11月は旧暦で霜月(Shimo-tuki)と呼びます。11月は文化祭や収穫祭などもある時期です。伝統行事では「酉の市」が賑やかに行われる時期です。霜月は「霜の月」の意味です。文字通り「霜の降る月」という解釈でよいと思います。農作物の収穫時期ということからか、「おしものづき(食物月)が語源とする説もあります。
酉の市(とりのいち)
11月の酉の日(月に2,3回あります)に、鳥に関連する神社で多く行われるお祭り。縁起物のゴージャスな熊手が売りに出されることでも有名です。ページトップの写真は目黒(東京都)の大鳥神社です。東京浅草の鷲神社も有名。大鳥神社・鷺神社など、関東に多く存在する鳥と名のつく神社で多く行われます。
大鳥神社の祭神は主にヤマトタケル(死んだ後に鳥になって昇天した伝説あり)やアメノホヒなどです。
そもそも酉の日(とりのひ)ってなあに?
年賀状に出てくる十二支と十干という枠組みを使った昔の日付表記です。
「月火水木金土日」という曜日があるのと同様に、昔のカレンダーには「子・丑・寅・卯・辰・巳・午・未・申・酉・戌・亥」という文字が並んでいたとイメージしてください。曜日は7個ですが干支は12個あります。曜日は7日で1周しますが、干支は12日で1周します。
なので、1ヶ月30日とすると、酉の日は12日ごとにやってくるため、酉の日が月に2回の場合と3回くる場合とあるのです。
(例えば、11月1日が最初の酉の日だった場合、11月13日、11月25日、と酉の日になります。11月8日が最初の酉の日だった場合、11月20日、11月32日(というのはないので12月)、が酉の日になります)
昔の時刻表記
昔の世界で十二支が使われていた例としては、時刻の表記も十二支でした。
現代語でも「午後」とか「午前」って言葉がありますが、「午(うま)の刻」より前か後か、という話だったのです。呪いの藁人形の怪談でよく出てくル、「丑(うし)三つ時」は午前二時くらいです。
時間表記をざっくり十二支でやると
「子の刻(0時)・丑の刻(2時)・寅の刻(4時)・卯の刻(6時)・辰の刻(8時)・巳の刻(10時)・午の刻(12時)・未の刻(14時)・申の刻(16時)・酉の刻(18時)・戌の刻(20時)・亥の刻(22時)」
となります。
新嘗祭 (=収穫祭)
11月23日の祝日は現代では勤労感謝の日という「労働組合万歳の日?」的な名前の祝日になっていますが、もともとは新嘗祭といって収穫を神に感謝するお祭りの日でした。
ネーミングが変更になったのは、第二次大戦の敗戦後に日本が米軍をはじめとするGHQの占領を受けていた時に、占領政策によって名前が変更されたためです。

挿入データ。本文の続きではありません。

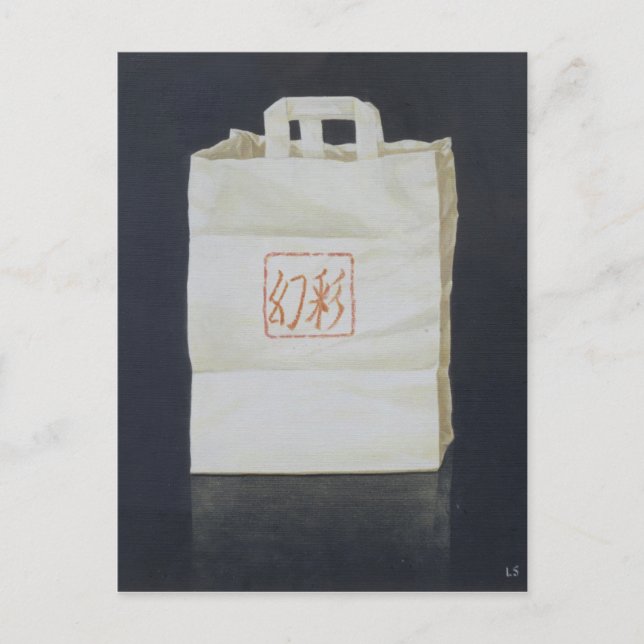 Postal Expulsión china 2004 (Anverso)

これが占領終了後もなぜかそのままになっているというのが名前が少し翻訳文的な伝統行事らしくない祝日がある理由です。
なお、紀元節(=建国記念日)と並んで言えることなのですが、実は日付設定にはそれほど深い意味はありません。明治時代に昔の暦を西暦に変換した時に「とりあえずその日にした」ものがそのまま定着したくらいの認識でよいです。
行事の日付というと、どれも「意味がある」ように思われがちですが、中にはもともとたいした意味がないものもあれば、意味が失われて分からなくなった物、実はしっかり合理的な意味があるもの、色々なパターンがあります。
「伝統で楽しむ」というのは「もとの意味を想像する」という視点もあると、さらに楽しく遊べます。